А Михаил Чехов – мы и имени такого не слышали.

Как-то клею себе нос из гуммоза, рядом Массальский, вдруг говорит: «Не надо так много! Вот Миша Чехов: крохотную гуммозную горошину, бывало, положит, еле видную, – а характер готов!» – и тут же осекся, посуровел, отошел.

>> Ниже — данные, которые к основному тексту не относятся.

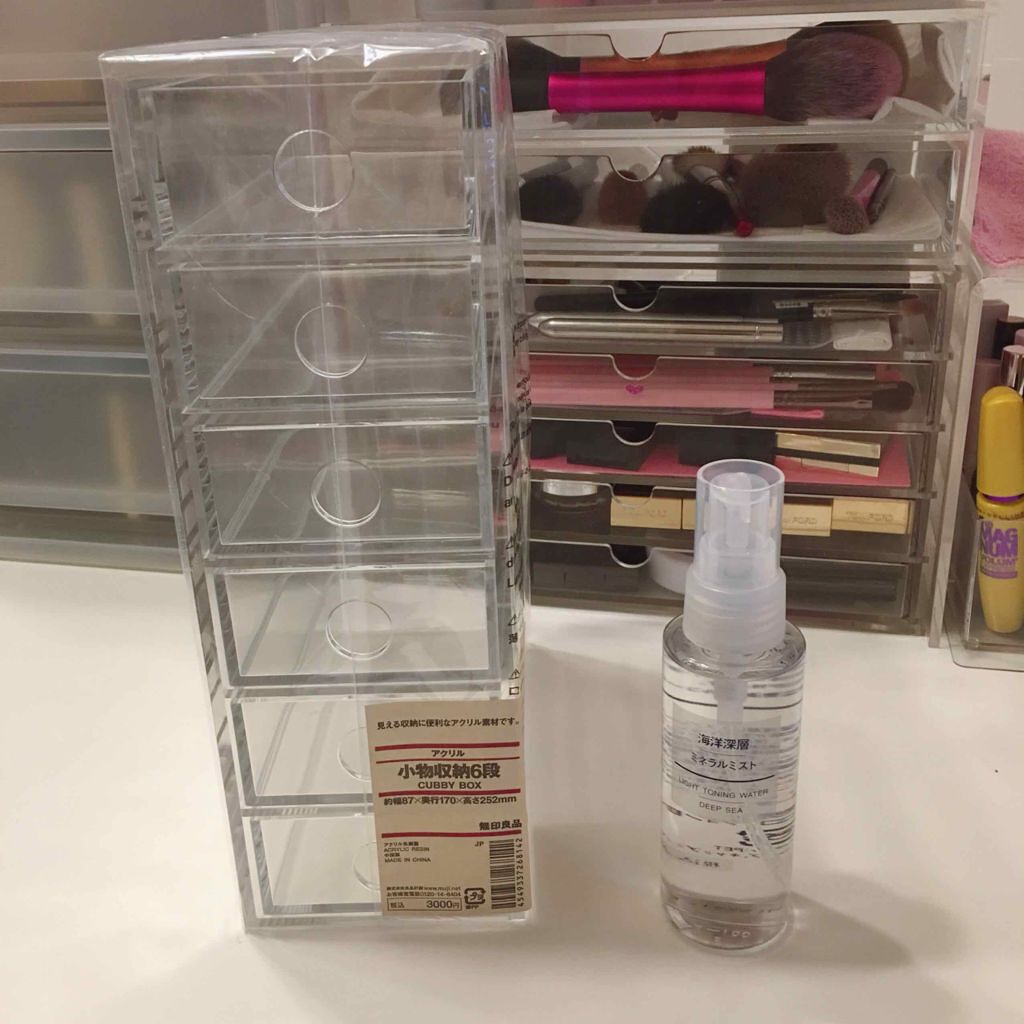 ゆゆ on LIPS 「ずっと欲しかった無印良品のアクリル収納とリピートしているミスト..」(1枚目)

И вот, представьте, на четвертом курсе как-то после репетиции Вершилов в неизменной своей позе: сидит, откинувшись на спинку стула, нога за ногу, левая рука закинута за спинку стоящего рядом стула, в неизменной чуть потрепанной бабочке, поношенном уже темно-синем костюме, как всегда, как-то странно ухмыляясь, глядя белесыми, чуть навыкате глазами куда-то в пол, говорит, похмыкивая:

– Да… эхгм… когда я работал в студии у Вахтангова… э-эхгм… Миша… Чехов… был приглашен Станиславским в Художественный театр на роль Хлестакова… в «Ревизоре»… Тот был, конечно… эээхгм!.. счастлив необычайно. Правда, он тогда был, надо сказать, наиболее популярный молодой артист… в Москве… да и не только… роли в «Сверчке на печи», «Гибели «Надежды»» в Вахтанговской студии… да и в «Короле Эрике XIV» – это уже я… эхгм… с ним работал… принесли ему необычайную славу… Но Художественный театр – это Художественный театр… эхгммм. Да. Миша артист был поразительный. Вот вы меня спрашиваете: что такое гений?.. Так вот Миша – гений. Он позволял себе, волнуя всех, прибегать буквально за две минуты до начала спектакля, хотя общая явка назначалась за два часа, а играл – поразительно! Станиславский, узнав об этом, издал распоряжение… «Мною замечено…». Да… нарушение этики и всякая такая вещь… обязал его, как и всех, приходить за два часа до начала… собраться, настроиться… и прочее.